Q172199: HOWTO: Optimize Queries in Visual Basic

Article: Q172199
Product(s): Microsoft Visual Basic for Windows
Version(s): 3.0,4.0,5.0
Operating System(s): 
Keyword(s): kbVBp400 kbVBp500 kbGrpDSVB kbGrpDSVBDB kbhowto kb32bitOnly
Last Modified: 11-JAN-2001

-------------------------------------------------------------------------------
The information in this article applies to:

- Microsoft Visual Basic Professional Edition for Windows, version 5.0 
- Microsoft Visual Basic Enterprise Edition for Windows, version 5.0 
- Microsoft Visual Basic Professional Edition, 16-bit, for Windows, version 4.0 
- Microsoft Visual Basic Professional Edition, 32-bit, for Windows, version 4.0 
- Microsoft Visual Basic Enterprise Edition, 16-bit, for Windows, version 4.0 
- Microsoft Visual Basic Enterprise Edition, 32-bit, for Windows, version 4.0 
- Microsoft Visual Basic Standard Edition for Windows, version 3.0 
- Microsoft Visual Basic Professional Edition for Windows, version 3.0 
-------------------------------------------------------------------------------

SUMMARY
=======

Visual Basic allows you to retrieve data from Jet databases (MDB files) by using
Structured Query Language (SQL). These query operations can be made more
efficient by implementing some of the suggestions in this article.
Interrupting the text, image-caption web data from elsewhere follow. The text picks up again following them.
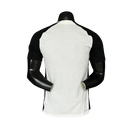 CAMISETA CORINTHIANS I 25/26 HOMBRE (VERSIÓN JUGADOR)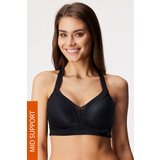 Dorina Sportski grudnjak Outrun Push up Cijene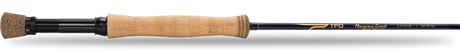 Mangrove Fly Rod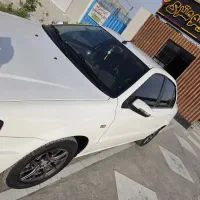 سورن پلاس xu7p
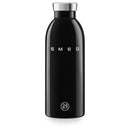 Clima Bottle 500 ml Black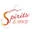 Spirits & Spice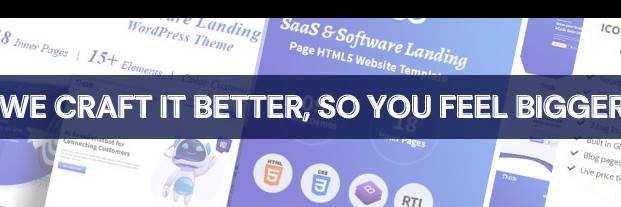 banner image of SacredThemes Darshan Kalsariya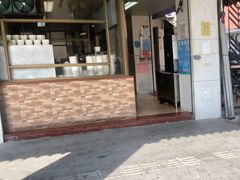 门面-乌糖沙茶面(民族路店)
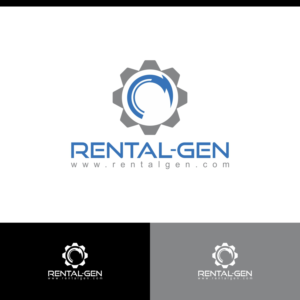 Logo Design by e-graphics for this project | Design: #15900514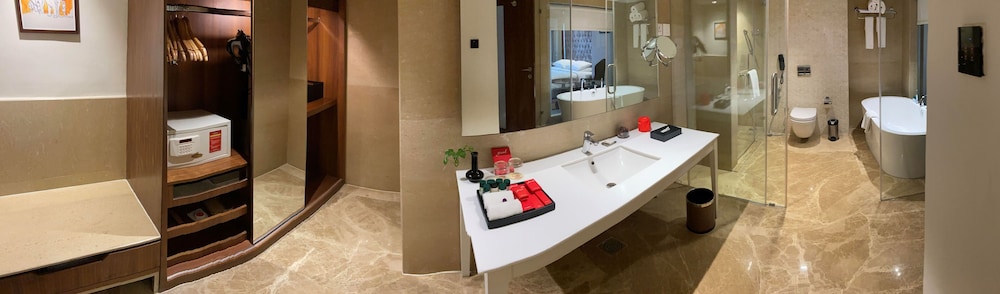 Grand Chennai By Grt Hotels Formerly Grt Grand 25/51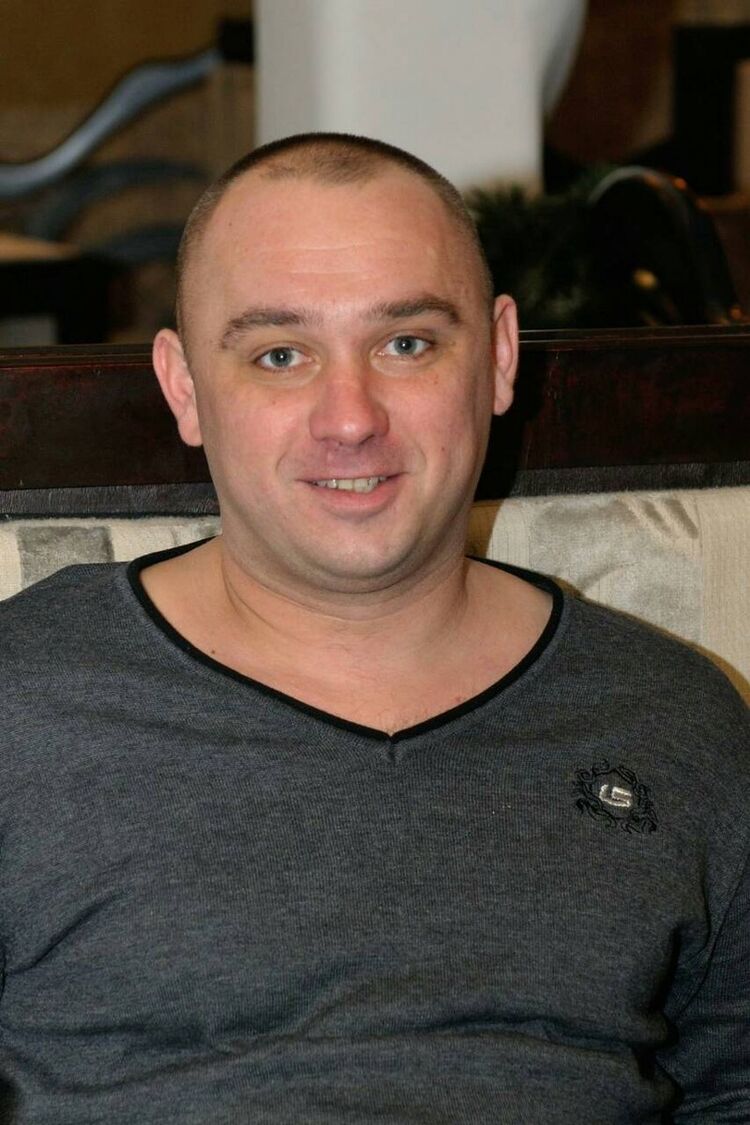 ���� 11953868 ������� ������, 42 ����, ���� ���������� � �������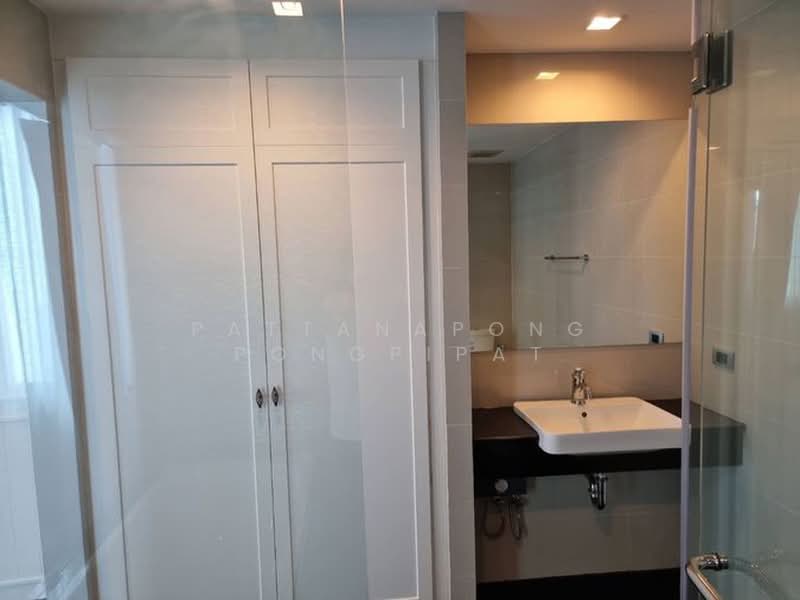 The Crest Santora, Prachuap Khiri Khan, Soi Hua Hin 7 Petchkasem Road, Hua Hin, Prachuap Khiri Khan, 2 Bedrooms, 86 sqm, Condo For Rent, by Pattanapong Pongpipat, 500365352 - DDproperty.com
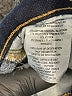 CALVIN KLEIN JEANS Blue Jeans Size 10 - photo 7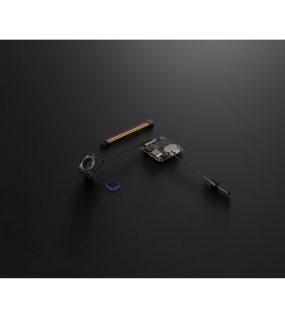 DJI O4 Air Unit – HD Digital FPV Air Unit System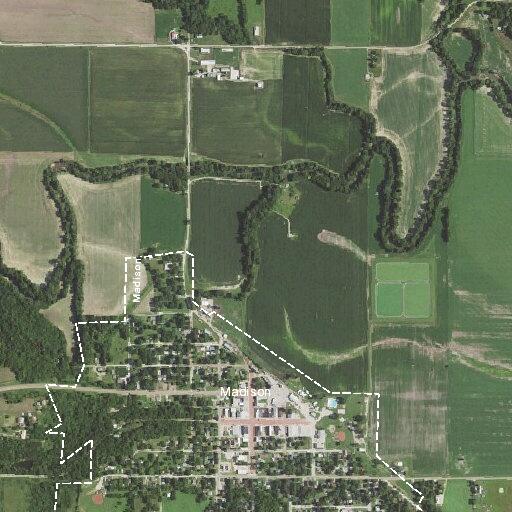 Male reports alcohol poisoning after three days of drinking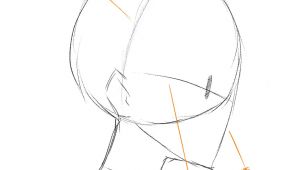 300x170 Drawings Of Sunflowers Best Sunflower Drawing Images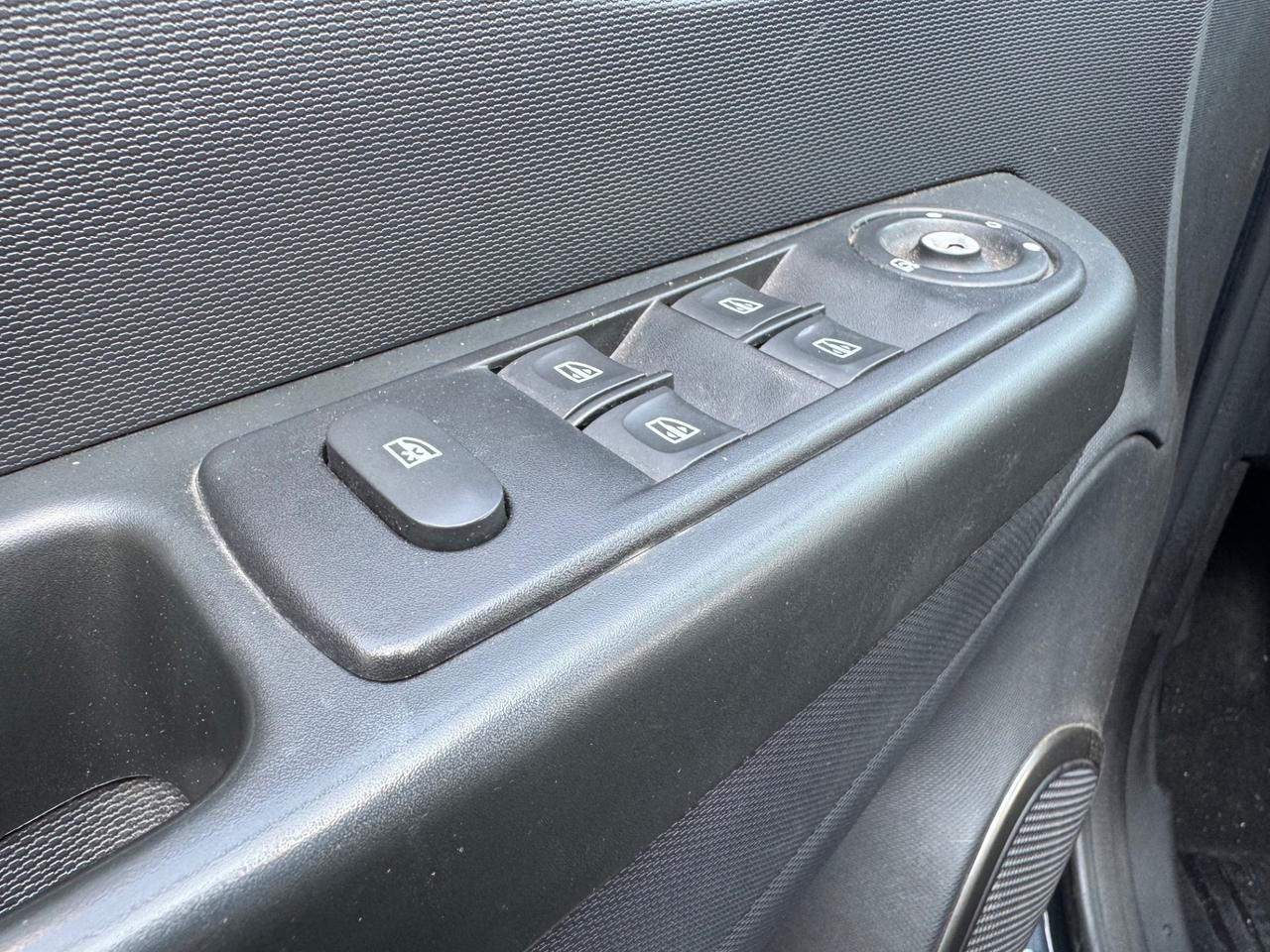 Renault Captur 1.5 dCi 8V 90 CV Start&Stop Energy R-Link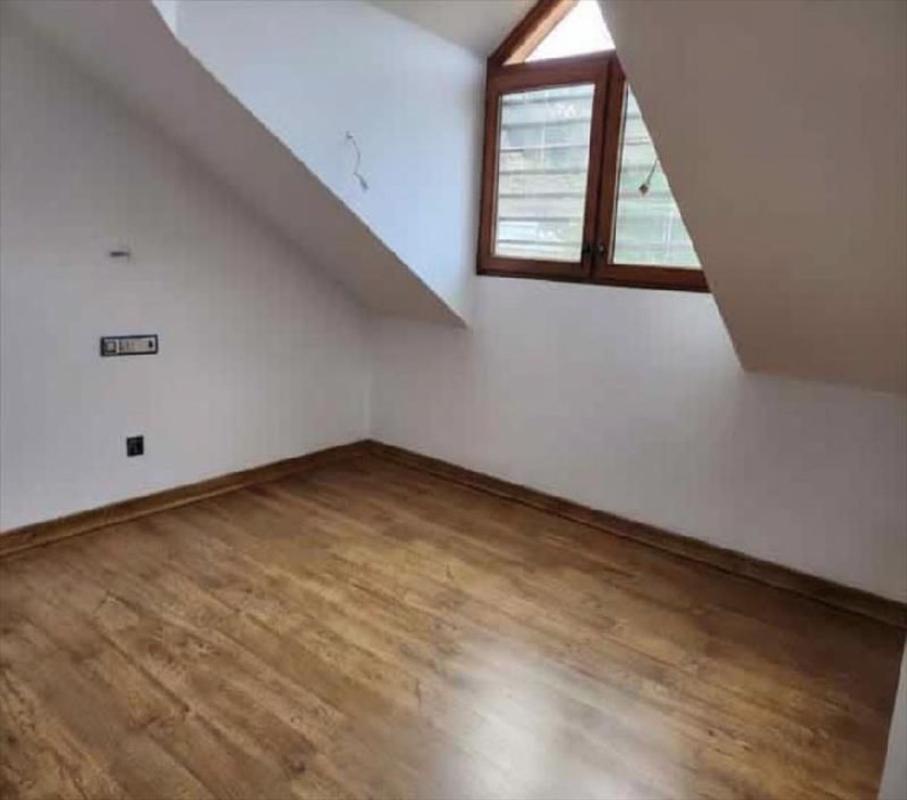 Sprzedaż niezależnego domku jednorodzinnego w  Calle Fisterra, 16, Fisterra photo 4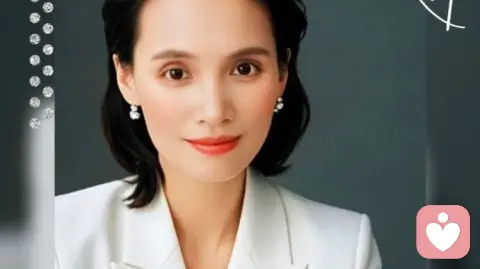 心理学:离异单亲家庭的小孩如何教育?记住这四句话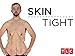 My 600-lb Life: Skin Tight Season 3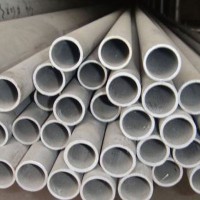 廠家直銷 316不銹鋼無縫管 拋光管 光亮管 銹鋼管 廠家直銷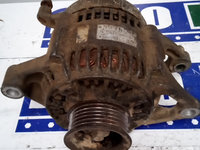 Alternator Cherokee XJ 2.5TD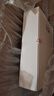 準新品Apple/蘋(píng)果 iPad mini (A17 Pro) 8.3英寸 平板電腦(256G WLAN版/mini7/MXND3CH/A)星光色 資源機 曬單實(shí)拍圖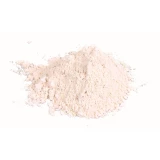 Trixie Reptiland vitamin és ásványianyagok kalciummal 50gr
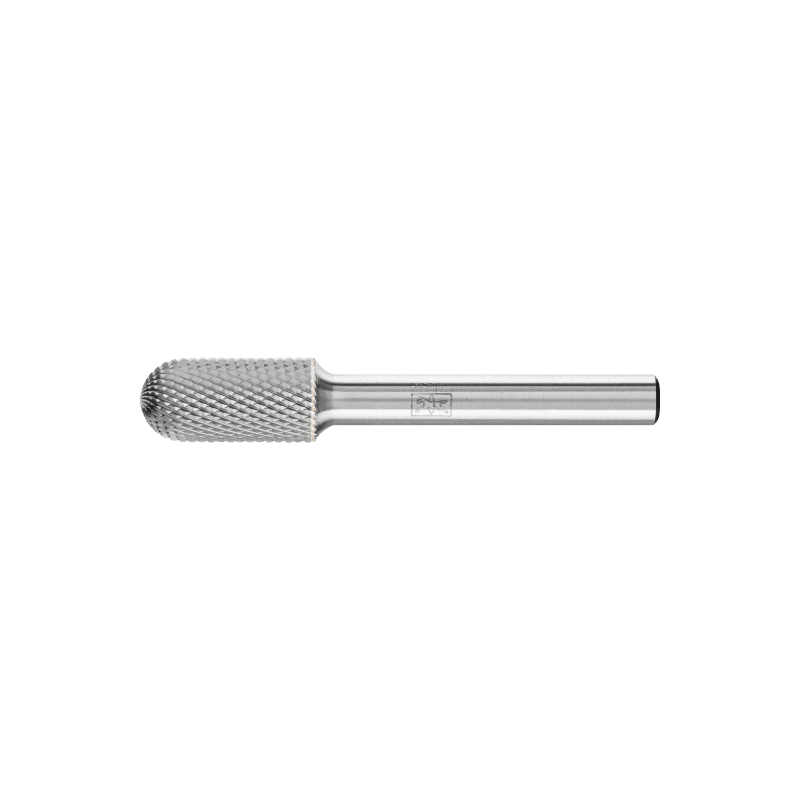 wrc-1020-6-micro-rgb.png_normal.png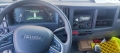 Isuzu Giga [11]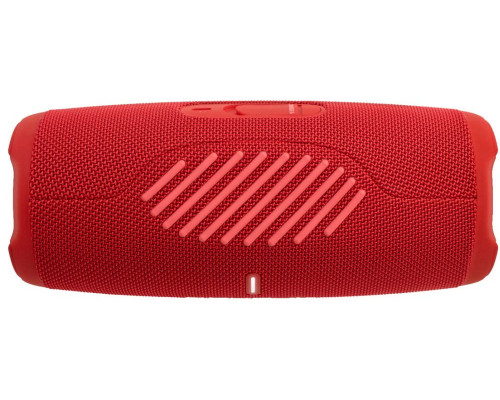 Портативная колонка JBL Charge 5 красный Портативная колонка JBL Charge 5 красный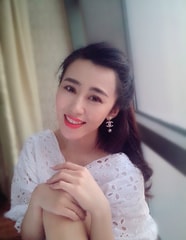 付然?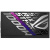 Блок питания ПК ASUS ROG Strix GAMING 1000W 90YE00W1-B0NA00 Блок питания ПК ASUS ROG Strix GAMING 1000W 90YE00W1-B0NA00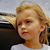 Jim Everard's profile image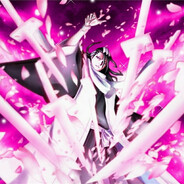 Vadoss avatar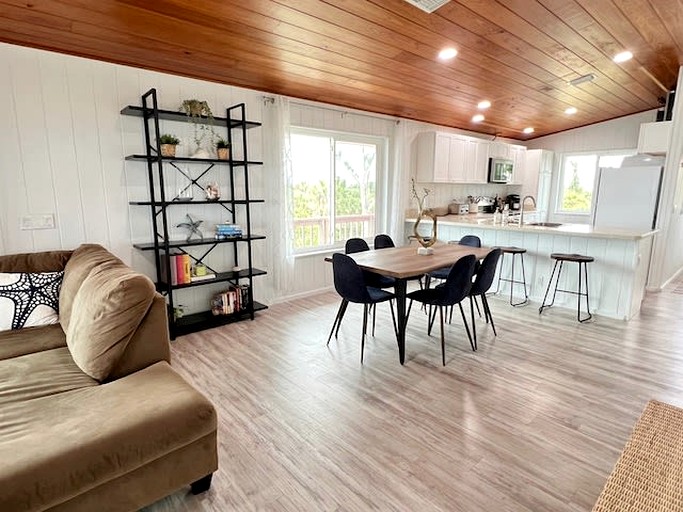 Vacation Rentals (United States of America, Placida, Florida)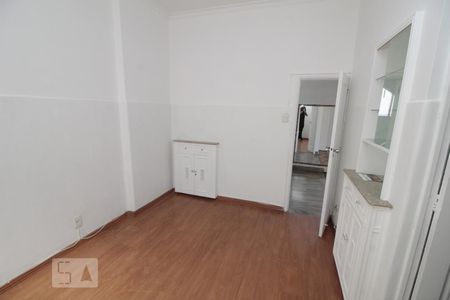 Apartamento à venda com 150m², 3 quartos e 1 vagaQuarto 1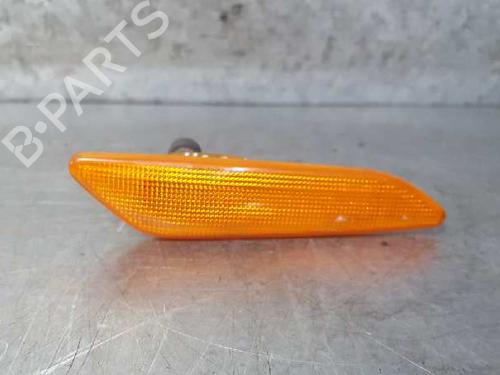 Used Left side indicator Left side indicator ALFA ROMEO 156 (932_) 2.0 16V T.SPARK (932A2) (155 hp) 12710135 12710135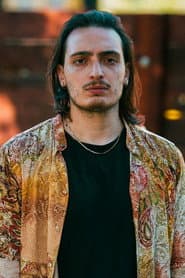 Simone Pascale
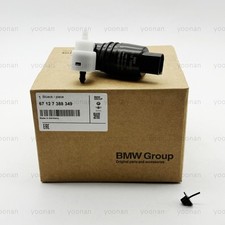 67127388349 Windshield Washer Pump For Mini Cooper Bmw X1 X2 X3 X4 X5 X6 X7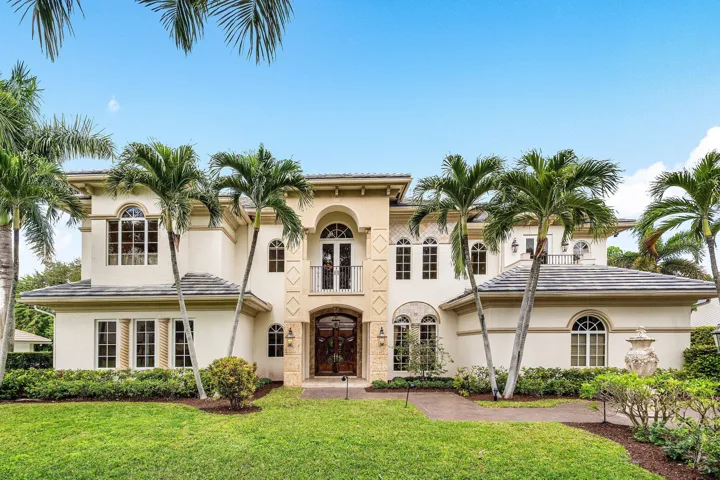 4255 Gleneagles (1)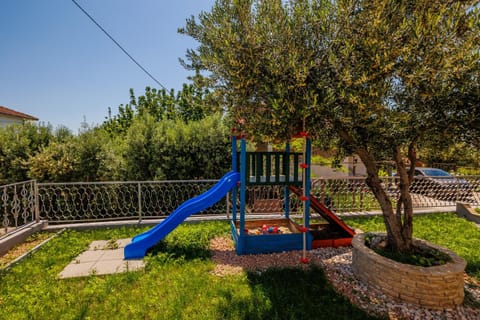 Apartman Marija Apartment in Šibenik-Knin County, Croatia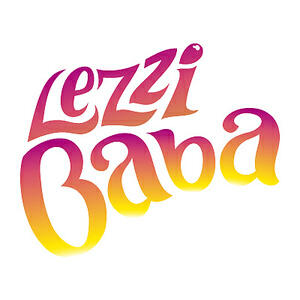 Lezzi Baba
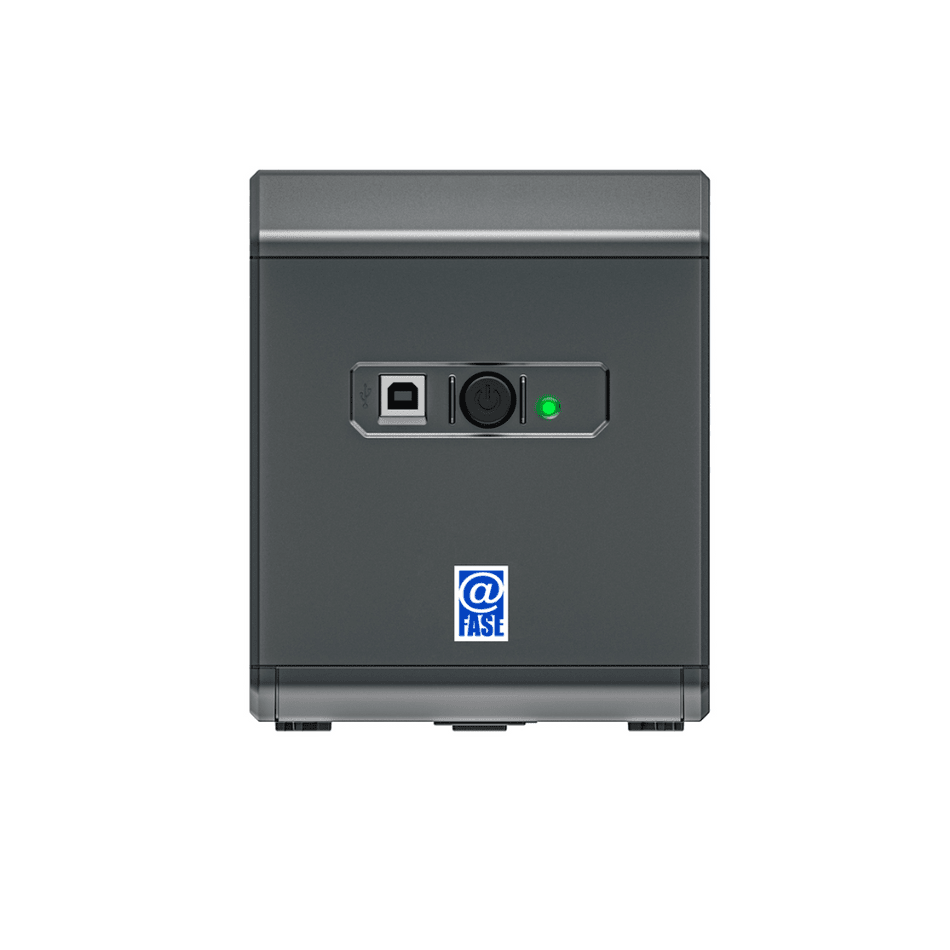 ups-elise-pbox-850_2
This article assumes that you are using the Microsoft Jet database engine. If you
are querying ODBC tables, many of these points still apply. For more information
regarding improving performance of ODBC queries, please search on the following
words in the Microsoft Knowledge Base:

  ODBC and Optimizing and Tables

MORE INFORMATION
================

Here are some tips for optimizing your SQL queries:

Performance Analyzer
--------------------

If you have Microsoft Access 95 or 97, you can open the database and use the
Performance Analyzer to profile your queries and suggest improvements.

Table Design
------------

When defining a field in a table, choose the smallest data type appropriate for
the data in the field. This increases the number of records that can fit on a
page.

Fields you use in joins should have the same or compatible data types.

Compact the Database
--------------------

This has two performance benefits:

1. The Microsoft Jet database engine uses a cost-based method of optimization.
  As your database grows, the optimization scheme may no longer be efficient.
  Compacting the database updates the database statistics and re-optimizes all
  queries.

2. As your database grows, it will become fragmented. Compacting writes all the
  data in a table into contiguous pages on the hard disk, improving performance
  of sequential scans.

  To compact your database, use the CompactDatabase statement. This example
  compacts the database and makes a backup:

  DBEngine.CompactDatabase "C:\VB\BIBLIO.MDB", "C:\VB\BIBLIO2.MDB"
  Kill "C:\VB\BIBLIO.BAK"
  Name "C:\VB\BIBLIO.MDB" As "C:\VB\BIBLIO.BAK"
  Name "C:\VB\BIBLIO2.MDB" As "C:\VB\BIBLIO.MDB"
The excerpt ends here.